'''

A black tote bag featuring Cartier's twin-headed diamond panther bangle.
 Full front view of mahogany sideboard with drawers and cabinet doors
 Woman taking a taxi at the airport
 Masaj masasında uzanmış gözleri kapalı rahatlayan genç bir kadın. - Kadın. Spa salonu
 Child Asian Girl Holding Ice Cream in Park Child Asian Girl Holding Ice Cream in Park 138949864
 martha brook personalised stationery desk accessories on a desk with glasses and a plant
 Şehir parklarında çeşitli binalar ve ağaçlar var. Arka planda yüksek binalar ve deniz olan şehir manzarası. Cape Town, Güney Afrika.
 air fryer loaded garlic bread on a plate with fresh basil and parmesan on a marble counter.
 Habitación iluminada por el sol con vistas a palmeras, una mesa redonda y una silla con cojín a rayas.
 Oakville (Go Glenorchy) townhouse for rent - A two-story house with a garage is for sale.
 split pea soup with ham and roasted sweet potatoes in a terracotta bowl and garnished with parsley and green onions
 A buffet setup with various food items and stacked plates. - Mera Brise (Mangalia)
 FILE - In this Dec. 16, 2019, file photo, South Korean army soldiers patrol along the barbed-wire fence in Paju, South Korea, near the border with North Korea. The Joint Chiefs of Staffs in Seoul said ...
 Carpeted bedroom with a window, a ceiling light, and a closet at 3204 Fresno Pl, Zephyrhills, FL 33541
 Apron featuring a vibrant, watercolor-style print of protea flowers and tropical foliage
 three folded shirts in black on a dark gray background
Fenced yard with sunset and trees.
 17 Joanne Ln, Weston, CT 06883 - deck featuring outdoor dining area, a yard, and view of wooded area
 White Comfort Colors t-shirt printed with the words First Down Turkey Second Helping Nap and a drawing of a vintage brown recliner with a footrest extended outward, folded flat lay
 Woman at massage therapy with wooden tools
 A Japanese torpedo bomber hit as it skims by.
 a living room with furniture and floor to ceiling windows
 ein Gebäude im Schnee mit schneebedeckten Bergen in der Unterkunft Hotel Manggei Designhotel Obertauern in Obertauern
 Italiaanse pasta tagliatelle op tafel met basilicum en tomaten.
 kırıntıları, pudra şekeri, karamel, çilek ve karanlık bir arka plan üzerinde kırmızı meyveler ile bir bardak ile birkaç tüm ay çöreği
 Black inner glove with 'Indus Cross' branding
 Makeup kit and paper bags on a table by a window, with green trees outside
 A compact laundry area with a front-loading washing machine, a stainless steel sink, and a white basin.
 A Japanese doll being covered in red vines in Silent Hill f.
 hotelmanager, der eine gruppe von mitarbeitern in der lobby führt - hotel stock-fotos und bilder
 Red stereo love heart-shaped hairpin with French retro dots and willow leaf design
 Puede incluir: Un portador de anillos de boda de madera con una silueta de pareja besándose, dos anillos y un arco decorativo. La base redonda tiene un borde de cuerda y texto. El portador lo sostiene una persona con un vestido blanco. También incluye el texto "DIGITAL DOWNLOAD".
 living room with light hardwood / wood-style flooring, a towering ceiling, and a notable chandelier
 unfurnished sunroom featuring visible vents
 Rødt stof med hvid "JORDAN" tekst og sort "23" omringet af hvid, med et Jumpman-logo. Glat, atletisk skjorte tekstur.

'''

=== ABOUT THIS TASK ===
Every line of the records above where the string "ceiling" is found should be copied.

=== SOLUTION BELOW ===
 Carpeted bedroom with a window, a ceiling light, and a closet at 3204 Fresno Pl, Zephyrhills, FL 33541
 a living room with furniture and floor to ceiling windows
 living room with light hardwood / wood-style flooring, a towering ceiling, and a notable chandelier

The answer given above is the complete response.